1990年代からブルックリン (Brooklyn, NY, USA) の jazz/imrpov シーンで活動する drums / percussion 奏者 John Hollenbeck が、 オーストリー・シュタイヤマルク州グラーツ (Graz, Steiermark, Austria) の jazz big band と共演したアルバムだ。 曲は全て Hollenbeck によるもので、自身も drums で参加している。

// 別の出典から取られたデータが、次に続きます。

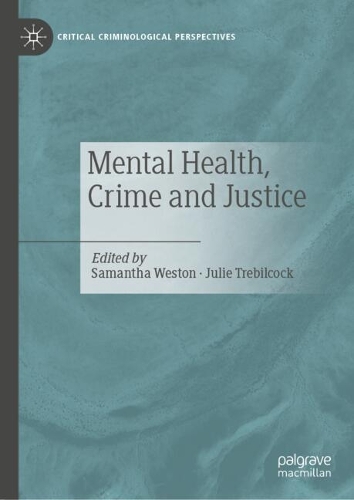 Mental Health, Crime and Justice.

Hollenbeck といえば、The Claudia Quintet (レビュー) での IDM (intelligent dance music) 以降ならではのビート感覚だが、 このアルバムでもそれが堪能できる。 そのビートと jazz big band が巧く融合しているのがその魅力だ。 それが良くあらわれているのは、 The Claudia Quintet でも演奏している "Just Like Him" だろう。 Hollenbeck と Sieverts による Squarepusher を思わせるようなリズムに、 管楽器の音が重層的に重ねられていく。 細かいビート、速いパッセージ、通奏されるかののようなフレーズなどが重なり合い、 drum'n'bass の持っていた多層的なビート感が巧みに翻訳された brass band 的な音として再構築されている。 リズム隊は控えめに、管楽器の反覆フレーズを沸き上がる泡のように重ね、 緩いビート感を作り出す "The Bird With The Coppery, Kean Claws" も良い。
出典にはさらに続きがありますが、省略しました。